__TASK STATEMENT__.
The required output is the line containing "Obiekt, 411 m2, Przecław" and every line after it, transcribed exactly through the end of the data below.

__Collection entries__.
↓

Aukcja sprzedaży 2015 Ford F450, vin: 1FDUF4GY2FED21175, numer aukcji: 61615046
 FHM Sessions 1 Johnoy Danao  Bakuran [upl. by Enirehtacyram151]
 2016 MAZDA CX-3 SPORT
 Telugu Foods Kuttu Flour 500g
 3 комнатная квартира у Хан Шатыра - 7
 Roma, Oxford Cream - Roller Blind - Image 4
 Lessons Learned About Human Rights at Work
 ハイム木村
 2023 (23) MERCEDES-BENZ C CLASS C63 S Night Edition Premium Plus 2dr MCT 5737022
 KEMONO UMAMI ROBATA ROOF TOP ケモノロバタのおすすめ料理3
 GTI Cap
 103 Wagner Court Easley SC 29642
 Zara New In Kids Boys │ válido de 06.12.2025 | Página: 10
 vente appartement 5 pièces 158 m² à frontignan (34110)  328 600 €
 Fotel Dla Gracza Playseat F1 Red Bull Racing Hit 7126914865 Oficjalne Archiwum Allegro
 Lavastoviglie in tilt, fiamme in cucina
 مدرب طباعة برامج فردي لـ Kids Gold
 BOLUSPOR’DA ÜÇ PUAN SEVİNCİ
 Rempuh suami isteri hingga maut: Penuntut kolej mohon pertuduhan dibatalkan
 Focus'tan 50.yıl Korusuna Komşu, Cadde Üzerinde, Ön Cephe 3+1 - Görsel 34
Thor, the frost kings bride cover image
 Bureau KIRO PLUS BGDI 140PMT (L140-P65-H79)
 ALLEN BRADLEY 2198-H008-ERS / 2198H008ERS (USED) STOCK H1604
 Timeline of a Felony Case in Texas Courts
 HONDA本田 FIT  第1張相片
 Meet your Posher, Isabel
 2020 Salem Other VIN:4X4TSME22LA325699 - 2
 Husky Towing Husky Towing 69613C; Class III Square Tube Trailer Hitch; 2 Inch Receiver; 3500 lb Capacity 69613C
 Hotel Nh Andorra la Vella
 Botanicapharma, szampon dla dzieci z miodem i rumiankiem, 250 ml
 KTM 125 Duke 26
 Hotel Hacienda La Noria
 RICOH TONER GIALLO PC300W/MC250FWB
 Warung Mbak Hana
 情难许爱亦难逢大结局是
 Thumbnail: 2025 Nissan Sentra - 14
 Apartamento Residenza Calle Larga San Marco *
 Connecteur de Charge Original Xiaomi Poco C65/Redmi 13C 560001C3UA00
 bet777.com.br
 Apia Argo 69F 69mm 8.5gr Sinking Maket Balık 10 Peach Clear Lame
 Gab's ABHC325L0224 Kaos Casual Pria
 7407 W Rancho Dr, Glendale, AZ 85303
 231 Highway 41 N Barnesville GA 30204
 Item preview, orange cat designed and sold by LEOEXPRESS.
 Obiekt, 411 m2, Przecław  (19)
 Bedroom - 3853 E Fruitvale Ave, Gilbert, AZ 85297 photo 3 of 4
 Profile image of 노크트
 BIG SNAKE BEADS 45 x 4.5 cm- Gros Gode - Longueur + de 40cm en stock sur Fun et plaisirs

↑

__SOLUTION TO THIS PROBLEM__.
 Obiekt, 411 m2, Przecław  (19)
 Bedroom - 3853 E Fruitvale Ave, Gilbert, AZ 85297 photo 3 of 4
 Profile image of 노크트
 BIG SNAKE BEADS 45 x 4.5 cm- Gros Gode - Longueur + de 40cm en stock sur Fun et plaisirs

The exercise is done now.